Military Spending: Up and Away
Grier, Peter, The Christian Science Monitor
Whatever the merits of US military action in Afghanistan and Iraq, one thing seems clear: It's very expensive.
If this week's White House request for $196 billion more for Afghanistan and Iraq is included, total costs for these operations will reach about $808 billion by the end of next year, according to figures compiled by the Center for Strategic and Budgetary Assessments (CSBA).
That's more than the Gulf War ($88 billion in today's dollars), or Korea ($456 billion), or Vietnam ($518 billion). It's within shouting distance of the price of the Korea and Vietnam conflicts combined.
But the US economy is much larger today than it was in, say, 1968 - meaning the financial burden on the nation posed by these costs is correspondingly lighter.
And despite the rising price tag, Congress is unlikely to make significant trims in the administration's latest war-appropriations request.
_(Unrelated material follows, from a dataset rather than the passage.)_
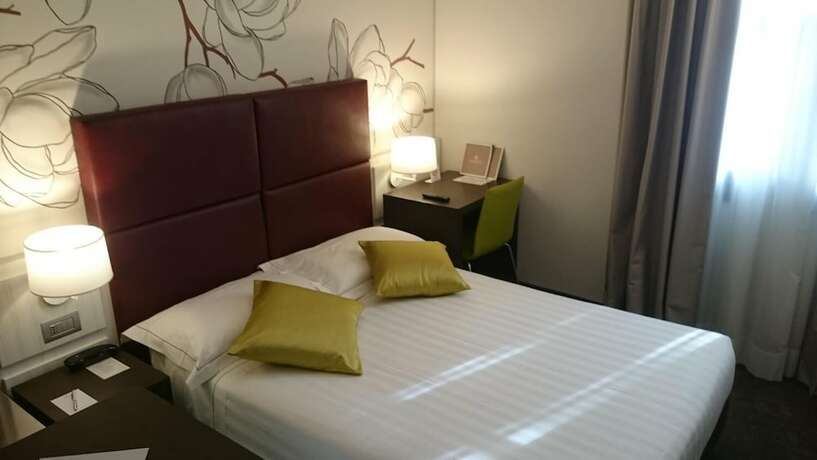 Imagen de la habitación del Hotel Villa Nabila. Foto 18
Democratic Party leaders just don't have the votes.
"For fear of being accused of not supporting the troops, Congress will not deviate much from what the administration has requested," predicts Gordon Adams, an American University professor of international relations.
President Bush's Oct. 22 request to Congress for $196 billion in supplemental defense funds for fiscal year 2008 is a revision of a previous $150 billion request upon which lawmakers had not yet acted.
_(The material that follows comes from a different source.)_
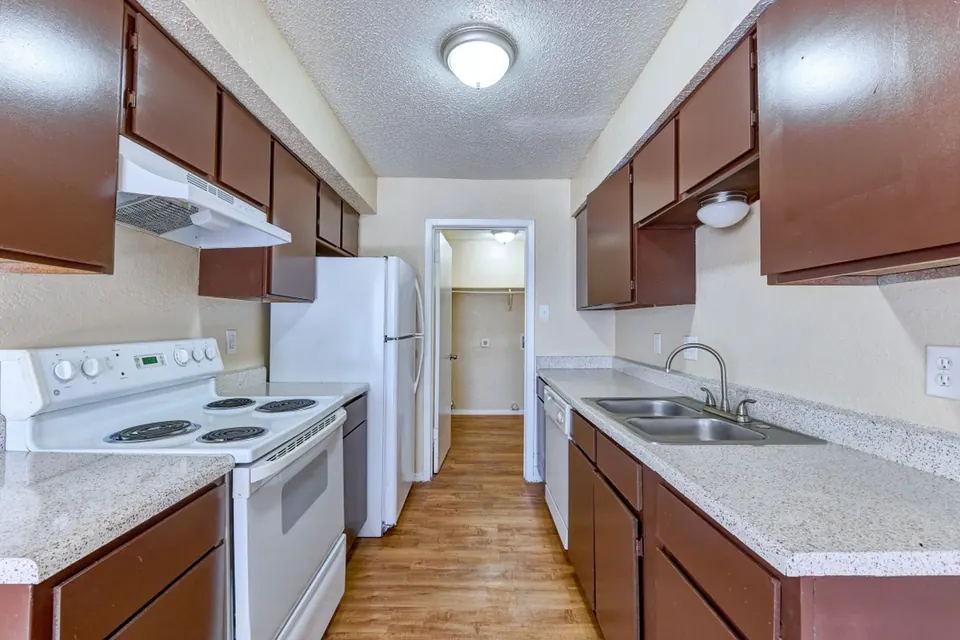 Galley kitchen with dark wood cabinets and white appliances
A large portion of the extra $46 billion would be channeled into Army procurement - specifically, the purchase of new, more bomb- proof armored vehicles, and general replacement of munitions expended and equipment worn out from years of fighting.
Operations and maintenance would also get additional funding.
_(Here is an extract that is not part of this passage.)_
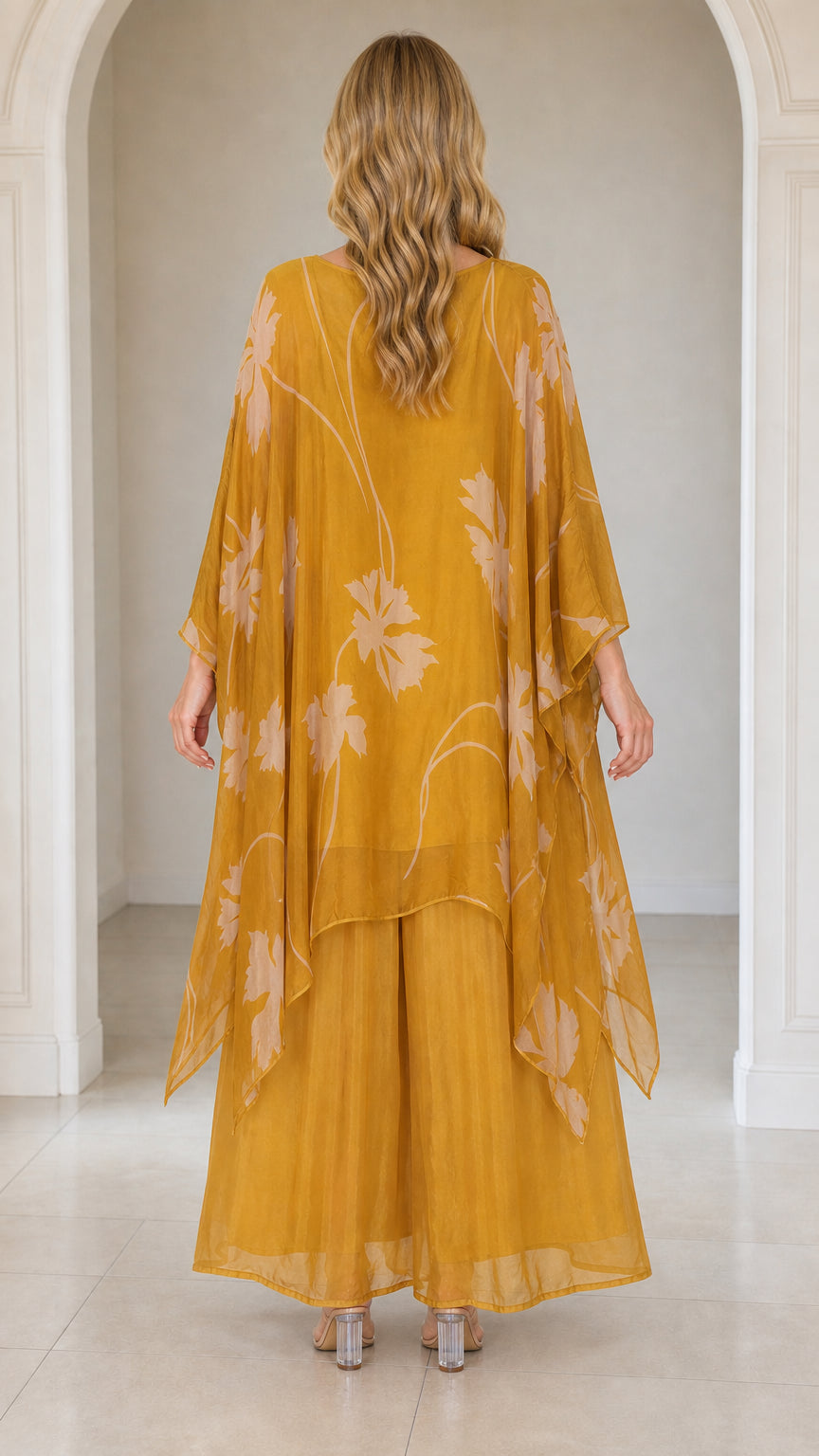 Back view of woman wearing mustard yellow layered kaftan set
"The bill provides for basic needs, like bullets and body armor, protection against [improvised explosive devices], and mine- resistant, ambush-protected vehicles," said Mr. Bush on Monday. "It also funds training missions, vital embassy programs, improvements in Iraqi security forces, and intelligence operations that protect our troops."
Operations in Iraq and Afghanistan are funded separately from the overall defense budget. Congress has yet to pass the administration's $481 billion request for general 2008 Pentagon spending.
Given that the Iraq war has now stretched on for over four years, it's time to stop paying for it via "emergency" supplemental appropriations, according to some experts. …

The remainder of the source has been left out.